**Problem description:** The whole listing below must be printed again exactly, images excluded.

**Information provided:**
--------

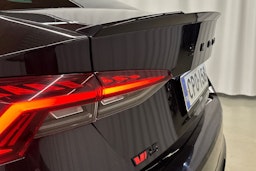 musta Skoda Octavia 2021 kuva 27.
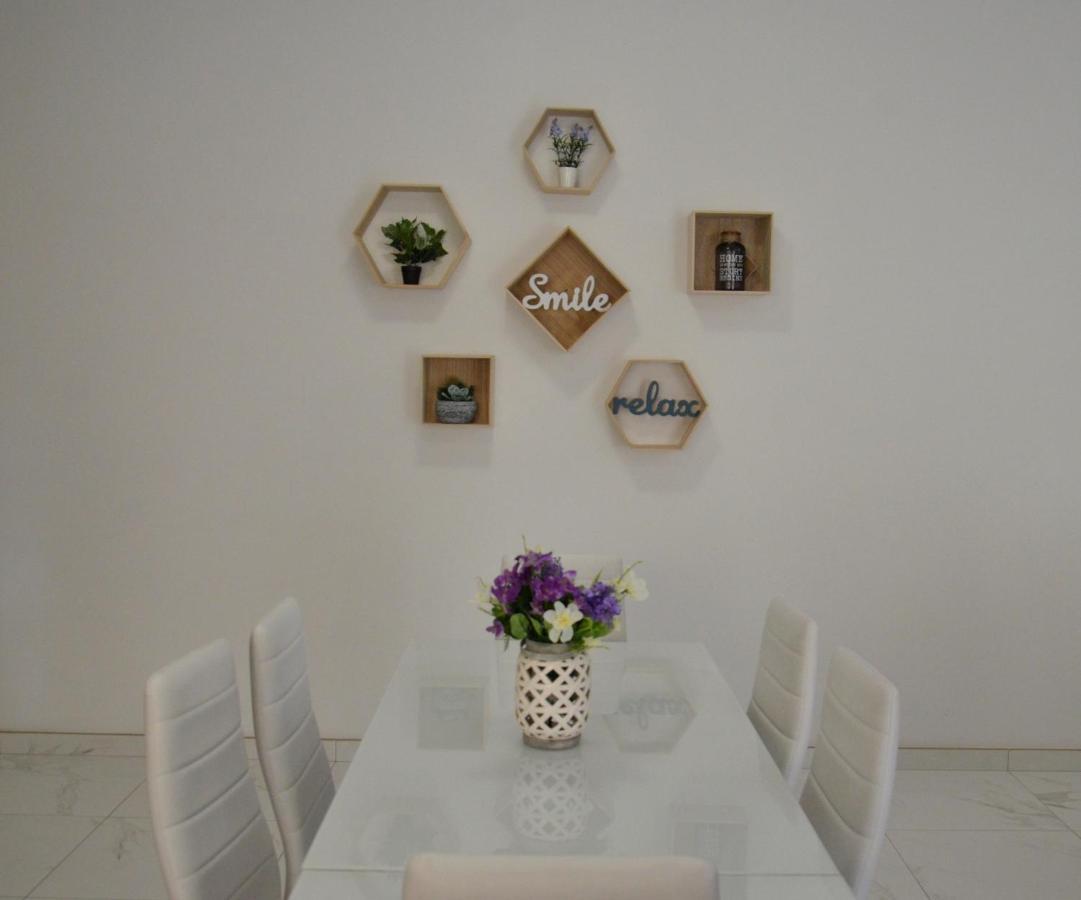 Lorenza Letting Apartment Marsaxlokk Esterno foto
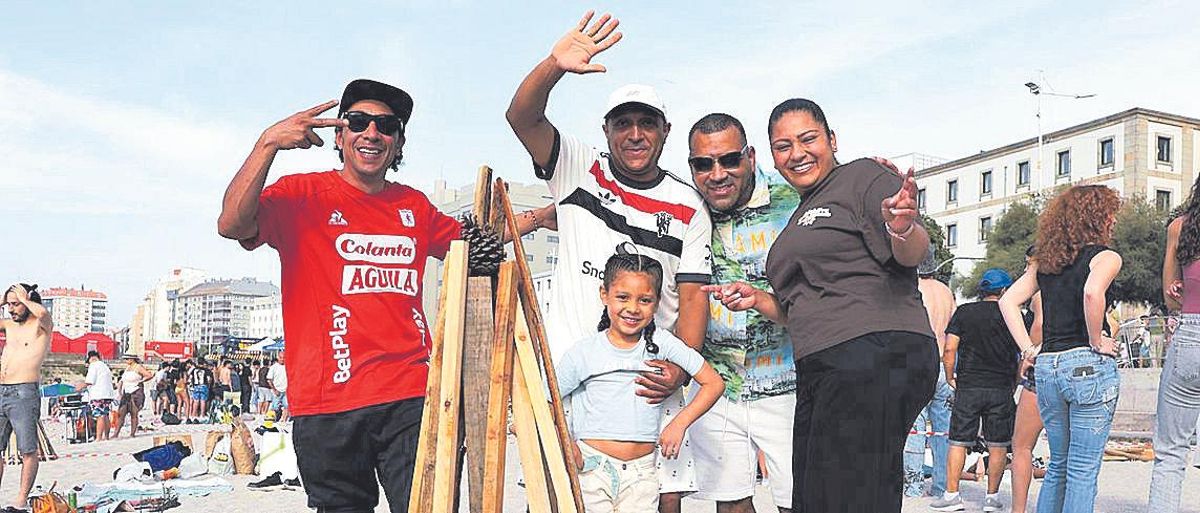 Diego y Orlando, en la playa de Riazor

--------

**Answer to this task:**
 musta Skoda Octavia 2021 kuva 27.
 Lorenza Letting Apartment Marsaxlokk Esterno foto
 Diego y Orlando, en la playa de Riazor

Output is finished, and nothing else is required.